Ini yang sesungguhnya dilakukan, bukan hanya inovasi teknis, tetapi pergeseran paradigma: dari "dilayani oleh negara" menjadi "negara melayani".
Kepala Kantor Imigrasi Bekasi Anggi Wicaksono menjelaskan bahwa langkah mempermudah pelayanan diwujudkan melalui pembukaan unit layanan di Mal Pelayanan Publik (MPP) Kota Bekasi, ULP Plasa Cibubur, dan Immigration Lounge Grand Metropolitan Mall.

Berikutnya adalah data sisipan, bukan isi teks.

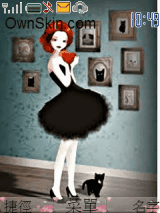 Melancholy Girl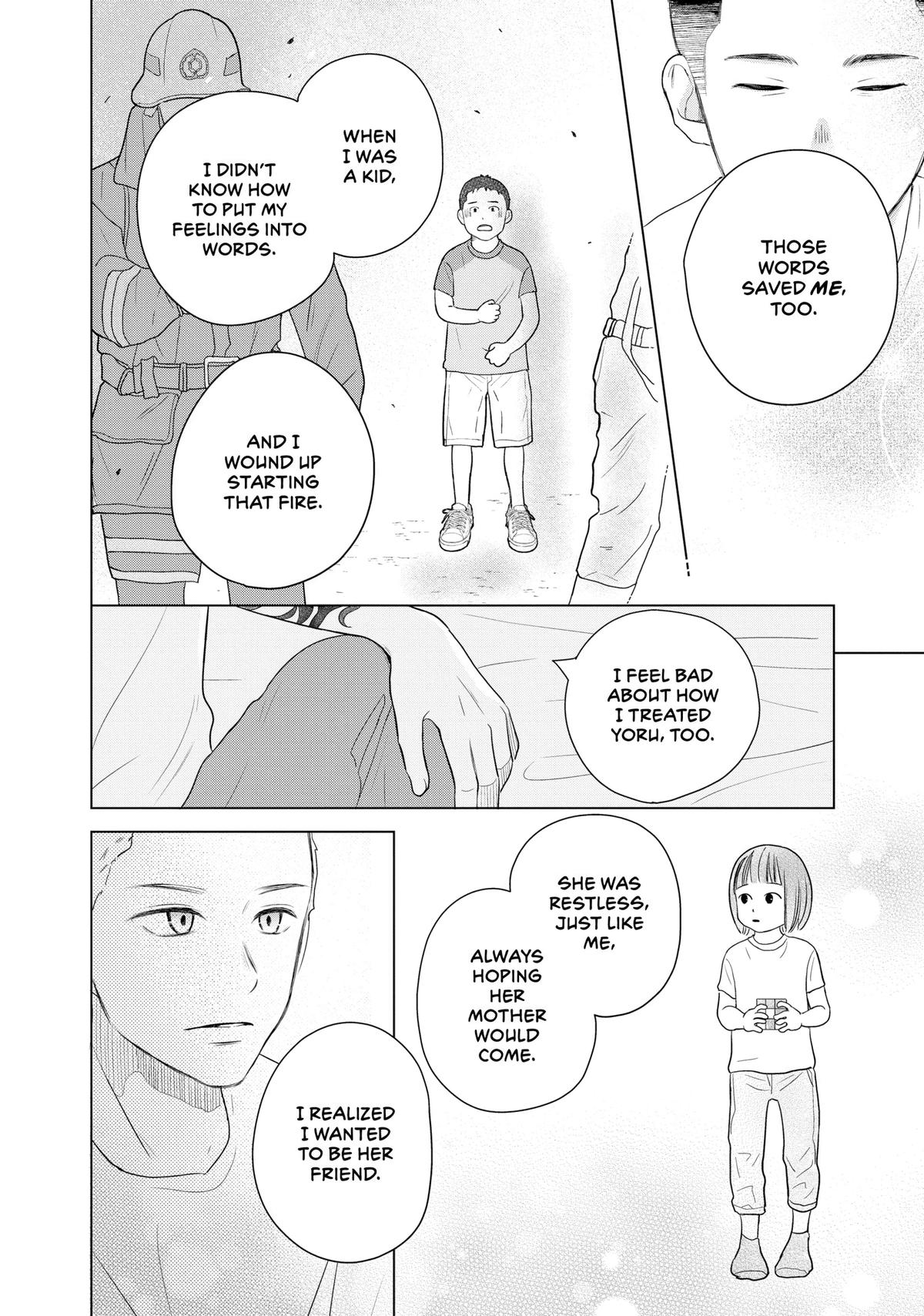 Sheltering Eaves Chapter 11 22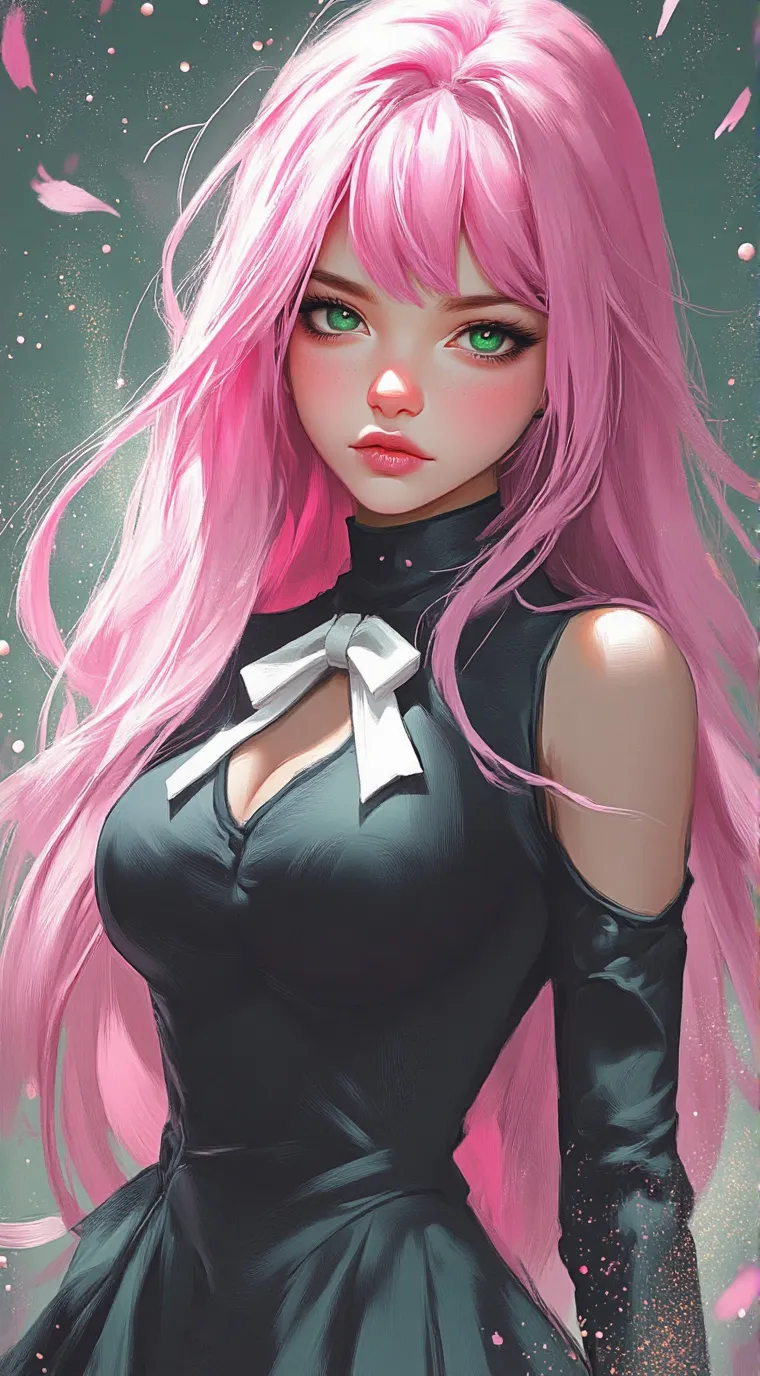 ai character: spyxfamilly  background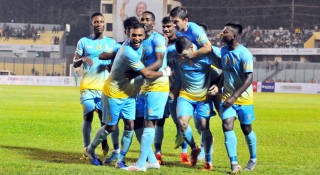 মালদ্বীপ টিসি ক্লাবের জালে চট্টগ্রাম আবাহনীর ৪ গোল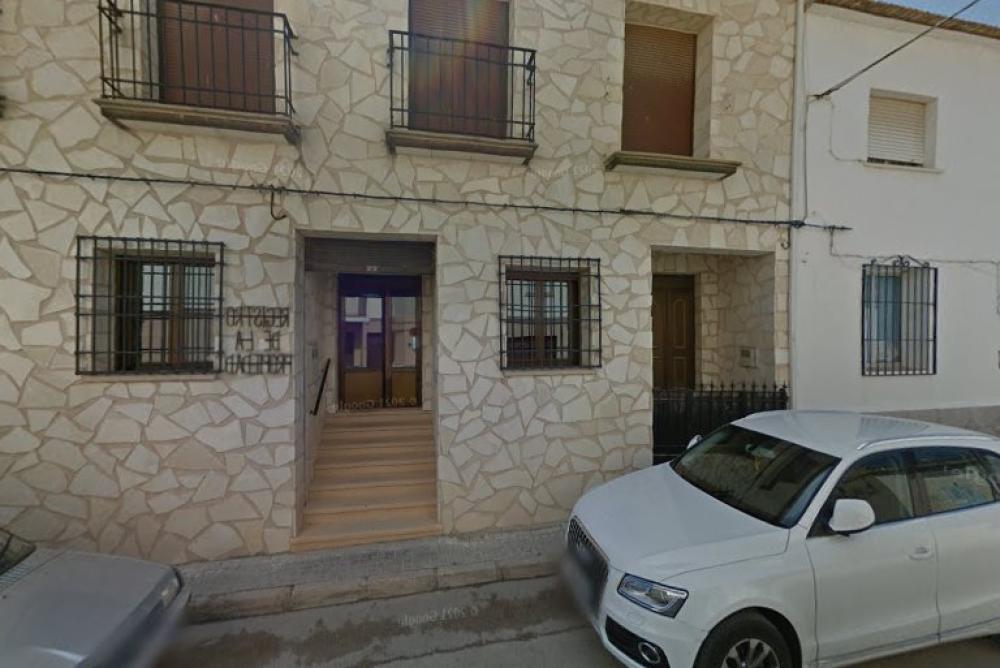 Registro de la Propiedad de Belmonte
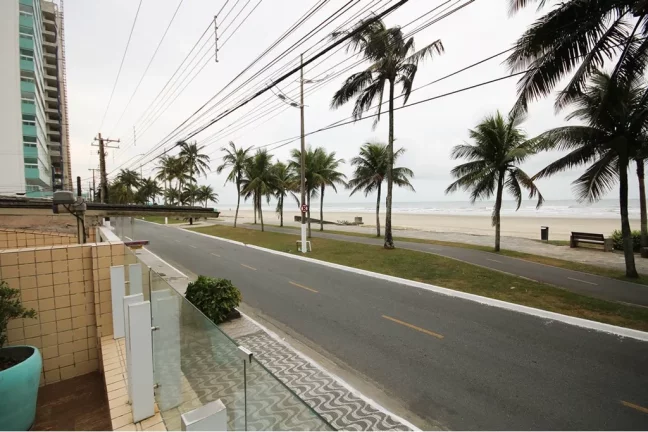 Imagem APARTAMENTO RESIDENCIAL em Praia Grande - SP, Jardim Real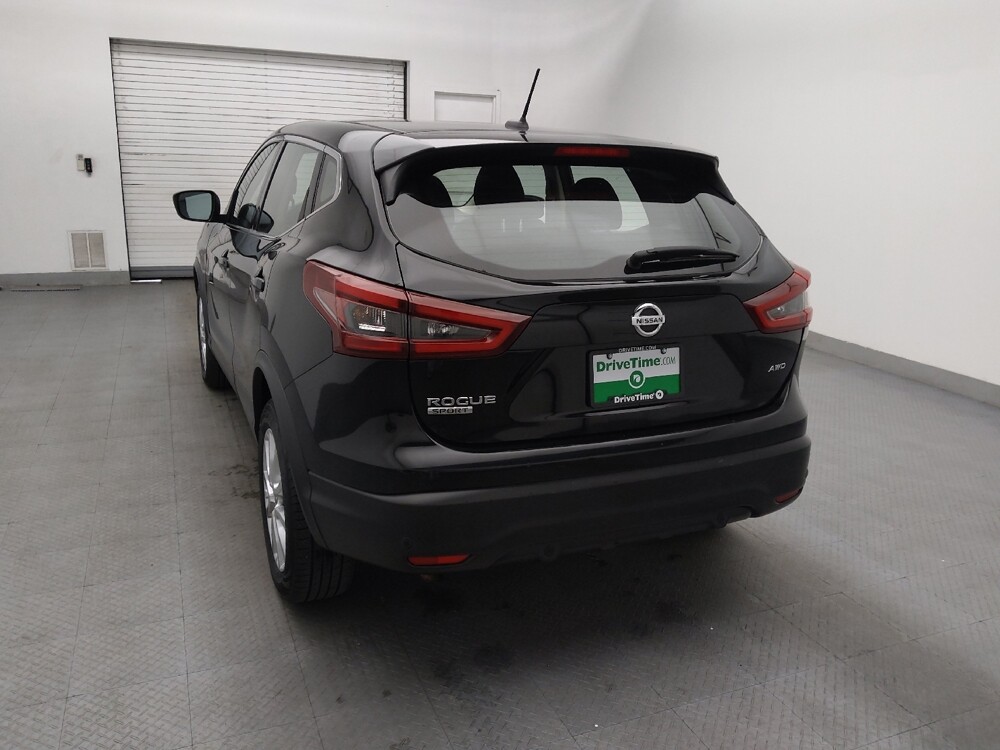 2021 Nissan Rogue Sport in Greenville, SC 29607 - 18095662 6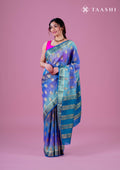 Crepe Saree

Untuk menjangkau masyarakat yang sibuk pada hari kerja, dua unit terakhir kini juga beroperasi setiap Sabtu pukul 09.00–14.00 WIB, serta menerapkan sistem “Pelayanan tanpa Jeda” sejak September, yang memungkinkan pengurusan paspor tetap dilakukan saat jam istirahat siang.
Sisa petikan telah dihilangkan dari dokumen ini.